The reason the wolves had been there, also turned out to be part of why Donnie was there as well. They too wanted to be there when the salmon spawned. Only, their part was to collect all the dead fish that happened to lose their way and end up stranded on the shore. They were all in the right place at the right time, but they were still wolves after all…
Donnie continued his work, taking data and samples from the spawning salmon. Every so often, when he’d find a fresh dead one, he would toss the dead fish over to his newfound canine companions. It became something of a symbiotic relationship and the wolves seemed more interested in being his companion for that summer, rather than hunt him.
This sort of symbiotic relationship may well have been the way that ancient wolves and prehistoric man developed the relationship we have with man’s best friend today. It was an amazing experience for Donnie Vincent, who had spent his adult life communing with nature. Unfortunately, not all his fellow researchers felt that way…
Many of the other researchers were not as happy about the wolves’ perpetual presence at their campsite. They viewed the animals as a constant threat and were all too willing to shoot them if the opportunity presented itself. Donnie wasn’t about to let that happen, and he already had a way to convince them to hold back.
Some of those men also happened to be Native Americans, whose cultural history speaks of the spirits of their ancestors being reincarnated into animals. He explained to them that since the wolves’ behavior was unlike that of any other wolves they’d ever encountered, it may well be that these wolves held the souls of their ancestors…

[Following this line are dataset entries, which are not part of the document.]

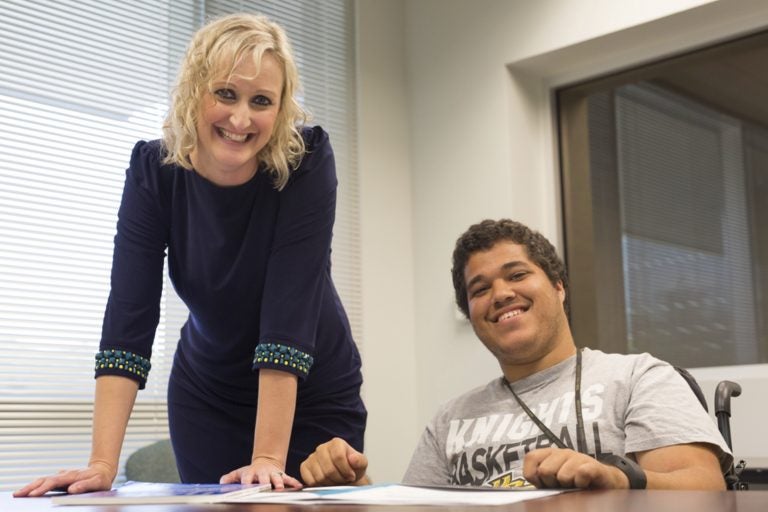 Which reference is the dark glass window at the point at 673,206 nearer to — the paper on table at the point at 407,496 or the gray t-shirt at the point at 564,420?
the gray t-shirt at the point at 564,420

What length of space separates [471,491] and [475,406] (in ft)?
2.78

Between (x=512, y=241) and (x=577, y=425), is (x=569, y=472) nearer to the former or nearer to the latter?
(x=577, y=425)

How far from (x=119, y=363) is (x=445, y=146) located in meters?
2.48

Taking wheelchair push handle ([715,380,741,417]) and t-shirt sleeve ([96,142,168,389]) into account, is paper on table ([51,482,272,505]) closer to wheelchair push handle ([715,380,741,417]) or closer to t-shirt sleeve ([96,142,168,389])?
t-shirt sleeve ([96,142,168,389])

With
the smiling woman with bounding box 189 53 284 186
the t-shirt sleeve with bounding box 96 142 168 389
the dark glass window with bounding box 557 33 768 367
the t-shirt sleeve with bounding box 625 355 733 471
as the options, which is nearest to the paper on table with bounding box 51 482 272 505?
the t-shirt sleeve with bounding box 96 142 168 389

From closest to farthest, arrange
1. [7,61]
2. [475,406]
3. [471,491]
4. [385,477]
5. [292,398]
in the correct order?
[471,491], [292,398], [475,406], [7,61], [385,477]

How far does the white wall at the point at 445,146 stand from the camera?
3518 mm

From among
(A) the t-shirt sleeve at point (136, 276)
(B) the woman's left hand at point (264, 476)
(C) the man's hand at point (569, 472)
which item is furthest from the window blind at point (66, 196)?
(C) the man's hand at point (569, 472)

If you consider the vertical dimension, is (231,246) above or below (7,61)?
below

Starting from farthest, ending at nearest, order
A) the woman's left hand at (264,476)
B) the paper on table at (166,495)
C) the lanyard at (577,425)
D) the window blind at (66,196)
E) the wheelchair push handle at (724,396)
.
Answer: the window blind at (66,196) < the wheelchair push handle at (724,396) < the lanyard at (577,425) < the woman's left hand at (264,476) < the paper on table at (166,495)

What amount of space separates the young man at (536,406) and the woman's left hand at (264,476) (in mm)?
50

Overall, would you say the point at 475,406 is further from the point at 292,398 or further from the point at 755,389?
the point at 755,389

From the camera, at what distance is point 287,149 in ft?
5.03

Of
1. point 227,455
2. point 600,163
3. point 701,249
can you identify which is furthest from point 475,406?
point 600,163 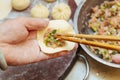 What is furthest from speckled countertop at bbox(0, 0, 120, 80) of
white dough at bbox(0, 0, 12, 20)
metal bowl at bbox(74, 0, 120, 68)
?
white dough at bbox(0, 0, 12, 20)

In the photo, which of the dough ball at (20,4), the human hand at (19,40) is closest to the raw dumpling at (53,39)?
the human hand at (19,40)

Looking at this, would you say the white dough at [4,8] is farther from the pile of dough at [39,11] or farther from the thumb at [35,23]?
the thumb at [35,23]

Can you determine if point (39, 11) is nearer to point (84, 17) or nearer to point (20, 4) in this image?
point (20, 4)

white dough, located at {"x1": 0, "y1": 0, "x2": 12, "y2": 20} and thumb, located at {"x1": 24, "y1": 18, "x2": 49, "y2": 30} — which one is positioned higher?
thumb, located at {"x1": 24, "y1": 18, "x2": 49, "y2": 30}

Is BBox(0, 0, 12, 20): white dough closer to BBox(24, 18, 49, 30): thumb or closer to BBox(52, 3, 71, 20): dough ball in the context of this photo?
BBox(52, 3, 71, 20): dough ball

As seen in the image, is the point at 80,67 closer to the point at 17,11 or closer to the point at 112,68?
the point at 112,68

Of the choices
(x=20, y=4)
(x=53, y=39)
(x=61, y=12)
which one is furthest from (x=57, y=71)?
(x=20, y=4) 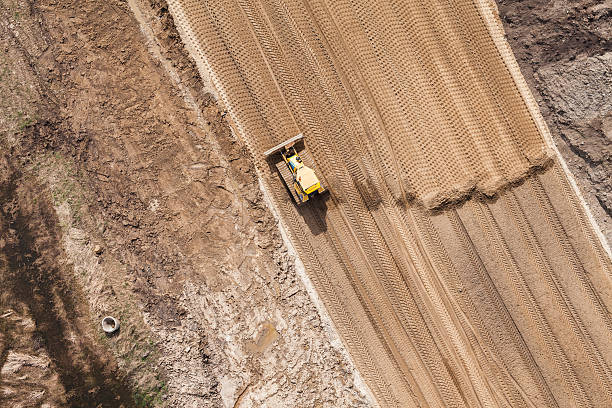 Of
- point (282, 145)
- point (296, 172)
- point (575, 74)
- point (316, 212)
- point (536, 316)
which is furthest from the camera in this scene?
point (536, 316)

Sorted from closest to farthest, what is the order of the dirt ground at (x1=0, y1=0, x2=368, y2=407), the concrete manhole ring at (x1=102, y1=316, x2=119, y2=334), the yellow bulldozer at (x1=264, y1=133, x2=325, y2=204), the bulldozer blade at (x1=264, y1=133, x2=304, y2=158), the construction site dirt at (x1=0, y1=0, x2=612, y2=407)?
the yellow bulldozer at (x1=264, y1=133, x2=325, y2=204) < the bulldozer blade at (x1=264, y1=133, x2=304, y2=158) < the dirt ground at (x1=0, y1=0, x2=368, y2=407) < the construction site dirt at (x1=0, y1=0, x2=612, y2=407) < the concrete manhole ring at (x1=102, y1=316, x2=119, y2=334)

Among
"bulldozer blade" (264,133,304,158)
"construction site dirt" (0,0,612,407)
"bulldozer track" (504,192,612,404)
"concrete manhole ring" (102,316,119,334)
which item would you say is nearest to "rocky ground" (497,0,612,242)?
"construction site dirt" (0,0,612,407)

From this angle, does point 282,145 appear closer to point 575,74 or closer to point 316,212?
point 316,212

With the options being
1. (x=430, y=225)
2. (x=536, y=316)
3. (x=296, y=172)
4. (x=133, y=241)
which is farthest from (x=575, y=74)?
(x=133, y=241)

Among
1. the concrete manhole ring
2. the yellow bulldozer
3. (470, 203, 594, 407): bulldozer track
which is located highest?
the yellow bulldozer

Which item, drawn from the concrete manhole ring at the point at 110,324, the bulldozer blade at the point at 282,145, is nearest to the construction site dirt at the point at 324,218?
the concrete manhole ring at the point at 110,324

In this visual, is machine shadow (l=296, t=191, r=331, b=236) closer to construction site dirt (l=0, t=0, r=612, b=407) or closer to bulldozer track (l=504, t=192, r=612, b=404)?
construction site dirt (l=0, t=0, r=612, b=407) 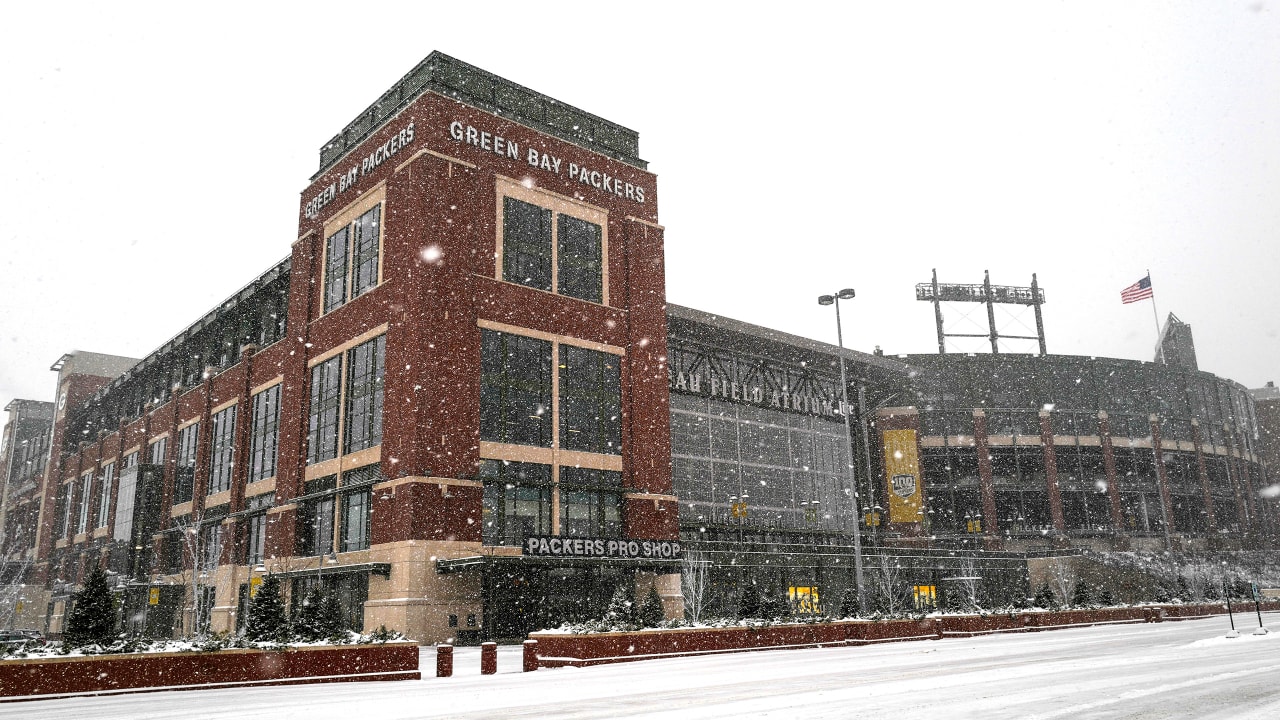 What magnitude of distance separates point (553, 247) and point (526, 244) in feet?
5.39

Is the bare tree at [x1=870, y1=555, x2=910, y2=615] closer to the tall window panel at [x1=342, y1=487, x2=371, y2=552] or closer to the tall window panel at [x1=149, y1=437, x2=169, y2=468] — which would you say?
the tall window panel at [x1=342, y1=487, x2=371, y2=552]

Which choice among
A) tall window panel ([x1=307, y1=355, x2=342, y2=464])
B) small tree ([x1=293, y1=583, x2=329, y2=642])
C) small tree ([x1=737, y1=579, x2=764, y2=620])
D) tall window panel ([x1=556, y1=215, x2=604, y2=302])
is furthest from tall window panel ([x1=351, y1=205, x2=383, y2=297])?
small tree ([x1=737, y1=579, x2=764, y2=620])

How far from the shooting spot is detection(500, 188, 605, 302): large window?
48.9 m

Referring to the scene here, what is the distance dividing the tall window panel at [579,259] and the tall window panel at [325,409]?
1332 centimetres

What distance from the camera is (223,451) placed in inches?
2482

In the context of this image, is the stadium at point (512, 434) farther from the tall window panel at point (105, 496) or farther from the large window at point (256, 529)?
the tall window panel at point (105, 496)

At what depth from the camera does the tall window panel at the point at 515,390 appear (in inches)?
1805

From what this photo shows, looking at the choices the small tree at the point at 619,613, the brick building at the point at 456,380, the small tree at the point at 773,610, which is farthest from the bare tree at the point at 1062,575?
the small tree at the point at 619,613

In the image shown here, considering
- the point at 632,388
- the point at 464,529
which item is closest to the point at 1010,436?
the point at 632,388

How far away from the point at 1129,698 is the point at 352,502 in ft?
133

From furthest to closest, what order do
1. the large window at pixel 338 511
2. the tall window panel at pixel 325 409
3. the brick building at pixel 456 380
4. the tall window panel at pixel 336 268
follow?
the tall window panel at pixel 336 268
the tall window panel at pixel 325 409
the large window at pixel 338 511
the brick building at pixel 456 380

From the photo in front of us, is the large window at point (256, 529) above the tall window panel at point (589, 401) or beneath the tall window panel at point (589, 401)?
beneath

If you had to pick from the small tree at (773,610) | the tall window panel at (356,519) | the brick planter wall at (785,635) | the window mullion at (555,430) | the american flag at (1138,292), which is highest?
the american flag at (1138,292)

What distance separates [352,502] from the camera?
4700 centimetres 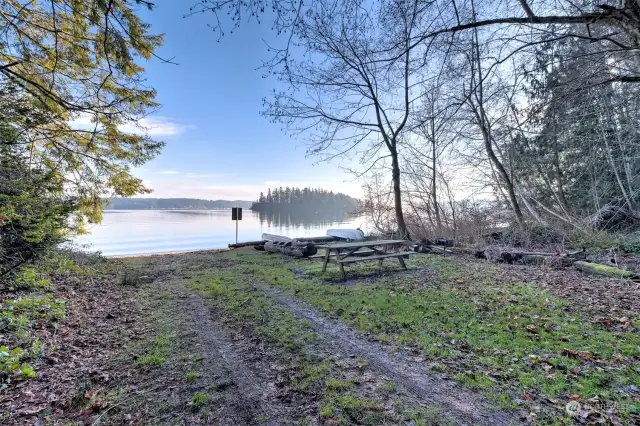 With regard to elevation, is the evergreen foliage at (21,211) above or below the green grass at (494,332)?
above

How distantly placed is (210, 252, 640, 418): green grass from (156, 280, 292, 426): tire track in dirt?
2.78 feet

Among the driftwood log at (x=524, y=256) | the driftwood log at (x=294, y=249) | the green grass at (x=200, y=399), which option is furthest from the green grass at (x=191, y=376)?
the driftwood log at (x=524, y=256)

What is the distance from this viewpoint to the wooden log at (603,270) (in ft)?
18.7

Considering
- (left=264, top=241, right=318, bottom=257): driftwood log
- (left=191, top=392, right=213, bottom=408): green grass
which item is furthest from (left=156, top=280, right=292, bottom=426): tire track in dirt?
(left=264, top=241, right=318, bottom=257): driftwood log

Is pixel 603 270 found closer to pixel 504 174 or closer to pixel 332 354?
pixel 332 354

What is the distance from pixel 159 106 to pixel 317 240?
321 inches

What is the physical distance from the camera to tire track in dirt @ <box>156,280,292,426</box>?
7.30 ft

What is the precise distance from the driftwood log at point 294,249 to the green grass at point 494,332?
407cm

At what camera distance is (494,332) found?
3.54 meters

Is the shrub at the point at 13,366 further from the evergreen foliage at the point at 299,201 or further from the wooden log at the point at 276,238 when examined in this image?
the evergreen foliage at the point at 299,201

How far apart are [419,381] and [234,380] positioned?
1.68 meters

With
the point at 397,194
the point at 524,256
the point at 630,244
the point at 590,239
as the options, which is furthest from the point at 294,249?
the point at 630,244

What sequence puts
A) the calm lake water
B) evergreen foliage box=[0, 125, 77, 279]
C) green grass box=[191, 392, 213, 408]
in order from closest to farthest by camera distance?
green grass box=[191, 392, 213, 408], evergreen foliage box=[0, 125, 77, 279], the calm lake water

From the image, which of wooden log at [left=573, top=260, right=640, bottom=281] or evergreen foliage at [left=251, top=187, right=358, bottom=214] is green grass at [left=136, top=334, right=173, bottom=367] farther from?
evergreen foliage at [left=251, top=187, right=358, bottom=214] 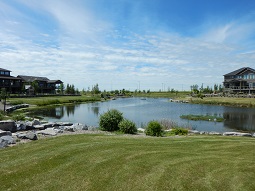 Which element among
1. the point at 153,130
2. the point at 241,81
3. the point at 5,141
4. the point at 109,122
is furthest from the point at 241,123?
the point at 241,81

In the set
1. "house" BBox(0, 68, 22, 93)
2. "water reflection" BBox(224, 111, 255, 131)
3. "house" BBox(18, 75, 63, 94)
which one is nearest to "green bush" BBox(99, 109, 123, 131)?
"water reflection" BBox(224, 111, 255, 131)

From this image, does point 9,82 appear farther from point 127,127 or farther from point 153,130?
point 153,130

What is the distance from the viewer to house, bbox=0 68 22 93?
201ft

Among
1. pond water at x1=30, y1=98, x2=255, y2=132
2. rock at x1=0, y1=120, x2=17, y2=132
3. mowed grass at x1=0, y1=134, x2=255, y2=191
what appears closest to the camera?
mowed grass at x1=0, y1=134, x2=255, y2=191

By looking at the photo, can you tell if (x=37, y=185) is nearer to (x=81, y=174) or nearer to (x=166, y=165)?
(x=81, y=174)

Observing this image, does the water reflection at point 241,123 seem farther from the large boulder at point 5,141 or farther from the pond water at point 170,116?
the large boulder at point 5,141

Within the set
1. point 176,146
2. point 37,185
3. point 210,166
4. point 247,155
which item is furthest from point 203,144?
point 37,185

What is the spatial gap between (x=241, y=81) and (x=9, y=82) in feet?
241

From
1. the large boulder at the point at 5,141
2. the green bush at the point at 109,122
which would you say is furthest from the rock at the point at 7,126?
the green bush at the point at 109,122

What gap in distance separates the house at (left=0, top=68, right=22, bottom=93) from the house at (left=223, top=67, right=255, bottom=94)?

The men, fearing the religious implications, decided to stay their hand. Superstitious as this tactic may have been, it worked and the men soon came to accept the presence of the wolves in their camp, just as the wolves had accepted the presence of the men in their territory.
The Summer of Wolves
Donnie Vincent ended up spending a whole summer with the pack and though it wasn’t his only remarkable experience in the field, it most definitely made the top three. For a man whose been to track Bengal Tigers and hunting elk in the Canadian wilds, that is definitely saying something.